So I'd start with Wikipedia: ~30GB uncompressed full article text. Break it into chunks; canonicalize phrasings to be more declarative, and include synonyms/hypernym/hyponym phrasings (via something like WordNet), so that various 'cluesy' ways of saying things still bring up the same candidate answers.
Because it's free and compact and well-structured, throw in Freebase, too.
Jeopardy goes back to certain topics/answers again and again. So I'd scrape the full 200K+ clue "J!Archive", and use it as both source and testing material (though of course not testing the system on rounds in its memory).
And I'd add special interpretation rules for commonly-recurring category types: X-letter words, before-and-after, quasi-multiple-choice, words-in-quotes.
I think such a system might get half or more of the questions in a typical round correct, and in a matter of seconds, even on a single machine.
Given that Jeopardy focuses a lot on literature, I'd also throw in gutenburg project books. And probably a newspaper archive going way back, like the NYT.
Beyond that, you want software/heuristics. You might find far more data helpful to initially create that software, but once it's created, the reference material to have at hand can come from a small set of sources.
Now Watson was tuned on Jeopardy questions. I'm sure the learning processes were adjusted in light of mistakes made on the Jeopardy corpus, but interpolation is far less big a deal than a full language model.
I've not heard that, and if true, it would have given Jennings and Rutter, both excellent crammers, a knowledge advantage.
Further, human contestants absolutely review the J!Archive before competing, so why wouldn't Watson?
We don't yet know for sure Jeopardy is only one subset of all the impressive things Watson can do. Notably, in the 'Ask Reddit' answers, the Watson team says: "At this point, all Watson can do is play Jeopardy and provide responses in the Jeopardy format."
So it seems like they're trying to claim the accolades for solving a bigger problem, when in fact they've only done well on a very constrained problem.

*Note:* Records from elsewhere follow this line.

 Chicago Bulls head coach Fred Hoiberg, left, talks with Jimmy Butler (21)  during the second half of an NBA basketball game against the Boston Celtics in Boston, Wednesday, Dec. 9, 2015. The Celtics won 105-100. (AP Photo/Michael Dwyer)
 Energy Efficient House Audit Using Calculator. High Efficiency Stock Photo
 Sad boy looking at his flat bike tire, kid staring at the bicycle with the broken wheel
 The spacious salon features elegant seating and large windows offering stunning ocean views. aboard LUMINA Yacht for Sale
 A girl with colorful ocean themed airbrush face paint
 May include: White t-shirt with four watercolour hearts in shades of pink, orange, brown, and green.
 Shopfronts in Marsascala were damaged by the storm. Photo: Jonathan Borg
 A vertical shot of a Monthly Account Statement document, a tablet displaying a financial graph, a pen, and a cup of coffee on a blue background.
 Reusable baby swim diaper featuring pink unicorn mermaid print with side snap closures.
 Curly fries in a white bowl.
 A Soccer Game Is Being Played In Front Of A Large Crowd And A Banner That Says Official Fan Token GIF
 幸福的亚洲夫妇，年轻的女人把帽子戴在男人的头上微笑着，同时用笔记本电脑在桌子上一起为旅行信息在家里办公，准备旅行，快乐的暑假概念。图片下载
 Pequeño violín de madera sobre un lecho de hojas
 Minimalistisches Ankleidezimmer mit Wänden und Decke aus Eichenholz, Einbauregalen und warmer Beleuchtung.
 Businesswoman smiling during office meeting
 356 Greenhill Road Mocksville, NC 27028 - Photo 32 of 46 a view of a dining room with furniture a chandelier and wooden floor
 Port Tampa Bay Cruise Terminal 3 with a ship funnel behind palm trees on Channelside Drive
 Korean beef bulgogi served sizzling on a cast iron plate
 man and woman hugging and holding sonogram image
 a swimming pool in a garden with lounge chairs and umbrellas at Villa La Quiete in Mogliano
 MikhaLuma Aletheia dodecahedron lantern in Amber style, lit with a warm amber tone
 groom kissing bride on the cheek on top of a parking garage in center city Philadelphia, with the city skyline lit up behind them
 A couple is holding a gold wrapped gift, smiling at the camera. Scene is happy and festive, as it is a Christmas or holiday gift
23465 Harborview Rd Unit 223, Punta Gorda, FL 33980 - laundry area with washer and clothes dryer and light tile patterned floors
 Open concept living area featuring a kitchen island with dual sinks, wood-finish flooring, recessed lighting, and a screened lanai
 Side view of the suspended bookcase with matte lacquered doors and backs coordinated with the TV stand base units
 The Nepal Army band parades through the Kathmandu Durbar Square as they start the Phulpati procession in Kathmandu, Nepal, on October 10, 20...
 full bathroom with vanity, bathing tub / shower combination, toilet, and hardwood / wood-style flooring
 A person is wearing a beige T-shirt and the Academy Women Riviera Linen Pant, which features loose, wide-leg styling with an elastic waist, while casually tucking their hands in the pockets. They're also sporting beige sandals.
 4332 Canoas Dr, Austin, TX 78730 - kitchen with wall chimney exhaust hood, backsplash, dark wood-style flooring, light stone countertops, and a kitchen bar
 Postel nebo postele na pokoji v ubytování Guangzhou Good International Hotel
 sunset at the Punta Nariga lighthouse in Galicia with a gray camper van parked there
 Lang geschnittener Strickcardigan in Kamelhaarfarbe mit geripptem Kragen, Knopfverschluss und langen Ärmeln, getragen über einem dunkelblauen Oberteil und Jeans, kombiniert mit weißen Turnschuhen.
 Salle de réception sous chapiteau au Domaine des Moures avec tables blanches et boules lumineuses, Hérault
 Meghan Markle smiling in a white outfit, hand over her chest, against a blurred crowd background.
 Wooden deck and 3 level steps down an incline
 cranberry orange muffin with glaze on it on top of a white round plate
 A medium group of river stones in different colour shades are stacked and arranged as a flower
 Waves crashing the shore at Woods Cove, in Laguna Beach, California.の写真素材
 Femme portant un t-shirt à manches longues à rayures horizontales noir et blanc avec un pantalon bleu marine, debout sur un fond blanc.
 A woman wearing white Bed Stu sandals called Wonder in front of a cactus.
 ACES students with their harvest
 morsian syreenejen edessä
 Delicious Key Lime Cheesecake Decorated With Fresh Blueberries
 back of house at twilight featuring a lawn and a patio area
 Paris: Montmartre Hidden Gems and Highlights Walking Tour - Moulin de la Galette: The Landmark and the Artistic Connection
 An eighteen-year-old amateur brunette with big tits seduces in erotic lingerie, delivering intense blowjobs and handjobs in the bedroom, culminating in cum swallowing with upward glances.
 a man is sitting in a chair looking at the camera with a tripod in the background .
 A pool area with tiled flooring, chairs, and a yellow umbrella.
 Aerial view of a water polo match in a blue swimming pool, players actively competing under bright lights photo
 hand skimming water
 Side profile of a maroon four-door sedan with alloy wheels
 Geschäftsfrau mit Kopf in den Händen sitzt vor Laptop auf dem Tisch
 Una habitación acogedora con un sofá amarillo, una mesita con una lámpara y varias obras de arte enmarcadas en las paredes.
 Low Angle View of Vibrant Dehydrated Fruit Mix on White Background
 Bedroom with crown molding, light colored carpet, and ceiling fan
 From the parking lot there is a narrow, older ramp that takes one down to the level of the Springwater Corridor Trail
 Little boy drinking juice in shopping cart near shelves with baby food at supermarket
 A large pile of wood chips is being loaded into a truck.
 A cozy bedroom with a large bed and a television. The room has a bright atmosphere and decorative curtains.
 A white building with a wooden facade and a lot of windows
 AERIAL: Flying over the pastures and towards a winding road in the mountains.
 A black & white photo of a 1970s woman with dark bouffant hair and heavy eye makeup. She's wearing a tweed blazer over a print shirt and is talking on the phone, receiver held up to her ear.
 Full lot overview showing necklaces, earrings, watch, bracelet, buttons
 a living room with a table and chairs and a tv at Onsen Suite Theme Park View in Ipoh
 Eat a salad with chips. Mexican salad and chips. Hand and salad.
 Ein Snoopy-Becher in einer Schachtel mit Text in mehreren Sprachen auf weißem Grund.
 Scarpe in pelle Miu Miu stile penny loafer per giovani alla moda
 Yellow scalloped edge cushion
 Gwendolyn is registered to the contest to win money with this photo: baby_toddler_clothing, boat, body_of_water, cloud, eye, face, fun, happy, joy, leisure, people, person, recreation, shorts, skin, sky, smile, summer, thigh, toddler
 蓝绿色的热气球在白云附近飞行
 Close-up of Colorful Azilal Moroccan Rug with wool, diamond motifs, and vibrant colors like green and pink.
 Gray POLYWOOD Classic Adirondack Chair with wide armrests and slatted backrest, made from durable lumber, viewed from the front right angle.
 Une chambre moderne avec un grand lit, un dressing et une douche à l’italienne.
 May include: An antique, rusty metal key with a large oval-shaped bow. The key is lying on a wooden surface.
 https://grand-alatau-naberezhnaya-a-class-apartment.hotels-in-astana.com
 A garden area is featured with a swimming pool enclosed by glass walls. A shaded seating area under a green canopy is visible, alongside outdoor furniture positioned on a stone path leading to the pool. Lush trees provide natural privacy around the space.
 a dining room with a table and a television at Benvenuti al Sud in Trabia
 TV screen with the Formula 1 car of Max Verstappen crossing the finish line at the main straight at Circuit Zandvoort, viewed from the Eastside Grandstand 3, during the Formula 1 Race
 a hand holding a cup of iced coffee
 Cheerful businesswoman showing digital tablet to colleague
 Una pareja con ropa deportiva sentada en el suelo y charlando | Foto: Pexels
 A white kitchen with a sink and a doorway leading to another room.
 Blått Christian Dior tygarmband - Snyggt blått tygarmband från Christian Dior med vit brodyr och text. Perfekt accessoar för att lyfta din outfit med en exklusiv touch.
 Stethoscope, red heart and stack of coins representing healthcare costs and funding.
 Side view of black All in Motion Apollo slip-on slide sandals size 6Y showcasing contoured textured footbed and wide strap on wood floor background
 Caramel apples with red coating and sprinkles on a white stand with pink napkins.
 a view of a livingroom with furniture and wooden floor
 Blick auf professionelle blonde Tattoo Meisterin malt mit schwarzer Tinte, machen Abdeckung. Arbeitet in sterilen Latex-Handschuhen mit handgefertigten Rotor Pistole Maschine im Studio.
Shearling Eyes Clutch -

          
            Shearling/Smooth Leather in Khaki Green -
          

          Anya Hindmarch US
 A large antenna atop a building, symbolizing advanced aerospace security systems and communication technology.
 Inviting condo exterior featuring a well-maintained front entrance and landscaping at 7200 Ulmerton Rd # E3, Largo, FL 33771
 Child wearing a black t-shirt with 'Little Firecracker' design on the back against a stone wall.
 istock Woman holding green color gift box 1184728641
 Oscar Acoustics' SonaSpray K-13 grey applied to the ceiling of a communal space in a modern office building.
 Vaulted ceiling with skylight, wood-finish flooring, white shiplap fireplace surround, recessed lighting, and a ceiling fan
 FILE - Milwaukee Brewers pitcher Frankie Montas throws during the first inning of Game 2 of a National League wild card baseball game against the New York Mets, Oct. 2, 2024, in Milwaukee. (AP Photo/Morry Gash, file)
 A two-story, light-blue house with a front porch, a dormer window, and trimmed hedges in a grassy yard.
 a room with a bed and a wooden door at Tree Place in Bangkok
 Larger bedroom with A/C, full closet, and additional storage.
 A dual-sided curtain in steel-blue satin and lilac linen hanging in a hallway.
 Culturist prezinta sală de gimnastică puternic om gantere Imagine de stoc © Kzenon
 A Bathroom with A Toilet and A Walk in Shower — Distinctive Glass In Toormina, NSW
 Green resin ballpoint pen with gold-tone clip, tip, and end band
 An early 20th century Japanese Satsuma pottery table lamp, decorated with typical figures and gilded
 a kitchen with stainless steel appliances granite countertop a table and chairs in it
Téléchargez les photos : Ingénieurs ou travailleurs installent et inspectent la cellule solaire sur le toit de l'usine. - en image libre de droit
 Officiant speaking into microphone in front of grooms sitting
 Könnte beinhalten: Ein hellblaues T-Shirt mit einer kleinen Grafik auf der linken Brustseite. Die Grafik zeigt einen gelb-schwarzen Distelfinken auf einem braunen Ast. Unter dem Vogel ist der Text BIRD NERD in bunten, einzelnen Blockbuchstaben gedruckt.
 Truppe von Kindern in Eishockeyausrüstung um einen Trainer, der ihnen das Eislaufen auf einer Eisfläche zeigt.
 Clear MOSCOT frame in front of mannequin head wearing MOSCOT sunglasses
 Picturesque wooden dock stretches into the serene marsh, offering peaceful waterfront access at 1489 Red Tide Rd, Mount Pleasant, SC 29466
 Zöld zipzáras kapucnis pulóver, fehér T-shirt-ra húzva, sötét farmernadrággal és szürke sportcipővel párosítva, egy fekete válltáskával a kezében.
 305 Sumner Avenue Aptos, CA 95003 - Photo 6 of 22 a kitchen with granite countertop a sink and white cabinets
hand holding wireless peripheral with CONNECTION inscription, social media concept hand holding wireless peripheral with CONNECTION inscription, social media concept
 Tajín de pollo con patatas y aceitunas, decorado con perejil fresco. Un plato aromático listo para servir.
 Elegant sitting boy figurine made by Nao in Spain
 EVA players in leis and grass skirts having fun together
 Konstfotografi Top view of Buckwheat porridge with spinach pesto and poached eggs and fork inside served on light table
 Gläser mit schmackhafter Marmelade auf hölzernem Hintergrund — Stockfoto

That may help explain the confusion.
- The first piece: http://www.slate.com/id/2284678/
- The follow-up, in which I answer reader questions: http://www.slate.com/id/2287705/
That makes me laugh. I'd guess that search optimization effort has a power law response here. 3 seconds is extraordinary, 1 minute is tricky, 10 minutes is possible after some solid effort, 3 days-heat death of universe is what you get without optimization.
Not saying you actually ignore it. It's built into those libraries they casually throw around. Just thought the wording was funny.
Edit 1: Here it is http://sourceforge.net/projects/starsim/
Edit 2: Just doubled checked, the Sourceforge repository has no code !! But I found it here http://examples.franz.com/category/Application/ParallelProgr...
@dhess Thanks a lot for that link. I just ordered a copy :)
I was kind of hoping that there would be a deeper dive into how the data was being stored and retrieved. I'm also interested in the Machine Learning side of it. They don't really give any hints at that as well.
You are right that UIMA isn't needed, but some kind of tool for importing unstructured or semi-structured data is required.
The race is on, whoever creates the first reasonably good question-answering machine for demonstration will get their names etched into the sands of time for the next ten thousand years. Get to it!
This industry has the chance to be bigger than Google and Microsoft combined. Every person on the Earth will demand one of these. Those who won't have one will be at a remarkable disadvantage. This is going to turn into a trillion dollar industry.